Last night I went to the Royal Festival Hall at Southbank to hear a concert of American music, as part of the South Bank's The Rest is Noise season, based on Alex Ross's book on the music of the 20th century. On the bill were pieces by Charles Ives, Aaron Copland, Scott Joplin, George Gershwin and, as a special encore, James P Johnson.
Generally, Copland featuring on the bill is enough to get me to buy a ticket (and that is, in fact, why I bought tickets for the performance), but it turned out to be a good evening all around. Ever since getting into classical music, I've come to appreciate the American composers in particular (I know they don't fall under that category, but bear with me).
As I said, Copland is my particular favorite, mostly for his ballet suites like Appalachian Spring or Rodeo, but I also love Gershwin's Rhapsody in Blue, which was on last night's bill. But it was good to hear the suite from Joplin's opera Treemonisha, and the closer from Johnson, Victory Stride, was an amazing fusion of jazz and classical that featured spinning cellos and a hilarious back-and-forth between the brass and string sections.
For my purposes here, though, what I want to talk about is Ives and Copland. Not because they were the best parts of the concert (according to a somewhat unscientific survey of my friend and the elderly couple sitting in front of us they were actually the weakest parts), but because they best exemplify what people mean when they refer to "American classical music".
The conductor, Marin Alsop, noted that Copland is particularly associated with a brand of music evoking wide-open skies and prairies, such that his music's been used in Beef Council commercials, presidential campaigns and politicians' hold music (I swear Wyoming Senator Mike Enzi's office plays Copland when they put you on hold, which goes very well with the photos on Enzi's home page). For me, a drive up to the Sierra Nevada or to Yosemite is never complete without listening to Appalachian Spring, and especially the "Simple Gifts" section at the end.
But if Copland evokes wide-open spaces, Ives evokes - at his most listenable - a more suburban sound. I say "listenable" because much of Ives's work skates near the edge of dissonance (I don't mean this in the same way that Schönberg's Second Viennese School would). The best explanation I ever heard of how Ives composed noted that he loved the interplay of two different pieces playing simultaneously. Frankly, at times it can be taxing to listen to.
In between those sections, however, I feel like you can really hear the sounds of summer in New England; which is funny, because I've never spent the summer in New England myself. Nevertheless, I do feel like it's an idiom that's ingrained itself in the American consciousness, so that anything on TV that's set there uses music that has to be heavily influenced by Ives.
It's a sound that I associate with childhood, to a certain extent, and what struck me last night was whether or not mine is the last generation that would make that association. I grew up with Charlie Brown and "Where's the Beef?" and the last gasp of the Western (or not even last gasp, since Clint Eastwood and Sergio Leone killed the genre long before I was born), but I don't know if my sisters, who were born around a decade after me, would have those same associations. Whenever I drive around my hometown and see it changing, I kind of regret the destruction of the older buildings; I sometimes feel as if growing up in the 80s was more similar to growing up in the 50s than to the 90s.

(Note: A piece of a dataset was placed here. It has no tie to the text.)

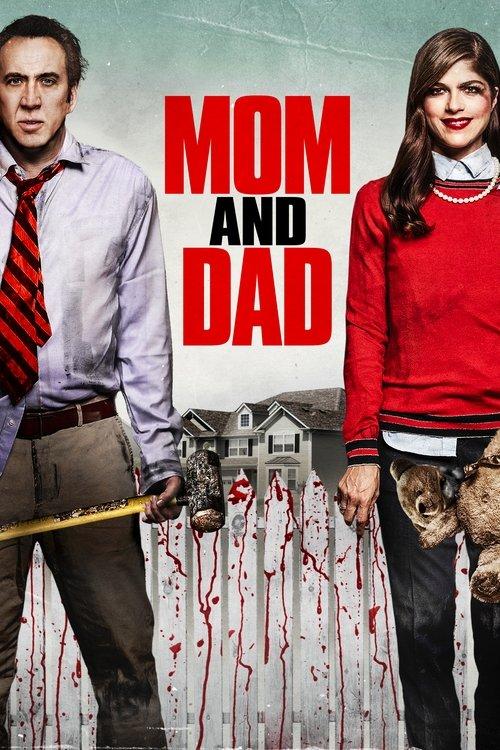 Mom and Dad filmas online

Now, I'm aware that the 50s weren't such an idyllic time as they often seem on TV, particularly if you weren't white or middle class or male, and I don't want to minimize the hardships suffered by people outside the "norm" as presented by the popular culture of the time. But I would say that, at the very least, childhood is different now than it was when I was growing up. My sisters experienced very different pressures, and moved through a very different social environment than I did, and I think the changes are just accelerating.
Or maybe I'm getting old. Still, I can't imagine that kids these days (not the first time I've used that phrase, or the last) really have it in their mental programming to go off and play outside without parental supervision, like I did. It could be different in other towns than my own, but then again, it might not.